Would you copy each line of the data below that has "with"?

*** Excerpted records Section Begins ***

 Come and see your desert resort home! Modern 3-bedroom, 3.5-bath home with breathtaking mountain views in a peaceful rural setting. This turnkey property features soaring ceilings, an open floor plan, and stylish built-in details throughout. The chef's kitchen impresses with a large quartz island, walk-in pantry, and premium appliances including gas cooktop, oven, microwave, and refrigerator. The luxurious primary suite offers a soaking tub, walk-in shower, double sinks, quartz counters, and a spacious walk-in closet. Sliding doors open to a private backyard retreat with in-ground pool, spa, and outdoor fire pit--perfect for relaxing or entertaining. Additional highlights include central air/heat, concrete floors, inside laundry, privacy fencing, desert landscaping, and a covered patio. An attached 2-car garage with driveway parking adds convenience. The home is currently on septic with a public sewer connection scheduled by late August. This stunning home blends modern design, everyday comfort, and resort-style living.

*** Excerpted records Section Ends ***
*** Excerpted records Section Begins ***

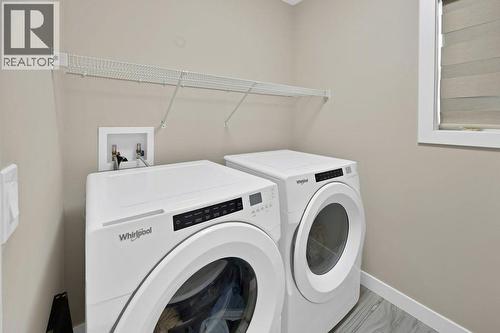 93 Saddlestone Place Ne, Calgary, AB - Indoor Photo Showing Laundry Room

*** Excerpted records Section Ends ***
*** Excerpted records Section Begins ***

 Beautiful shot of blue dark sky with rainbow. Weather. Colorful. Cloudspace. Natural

*** Excerpted records Section Ends ***

### Solution to the exercise
 Come and see your desert resort home! Modern 3-bedroom, 3.5-bath home with breathtaking mountain views in a peaceful rural setting. This turnkey property features soaring ceilings, an open floor plan, and stylish built-in details throughout. The chef's kitchen impresses with a large quartz island, walk-in pantry, and premium appliances including gas cooktop, oven, microwave, and refrigerator. The luxurious primary suite offers a soaking tub, walk-in shower, double sinks, quartz counters, and a spacious walk-in closet. Sliding doors open to a private backyard retreat with in-ground pool, spa, and outdoor fire pit--perfect for relaxing or entertaining. Additional highlights include central air/heat, concrete floors, inside laundry, privacy fencing, desert landscaping, and a covered patio. An attached 2-car garage with driveway parking adds convenience. The home is currently on septic with a public sewer connection scheduled by late August. This stunning home blends modern design, everyday comfort, and resort-style living.
 Beautiful shot of blue dark sky with rainbow. Weather. Colorful. Cloudspace. Natural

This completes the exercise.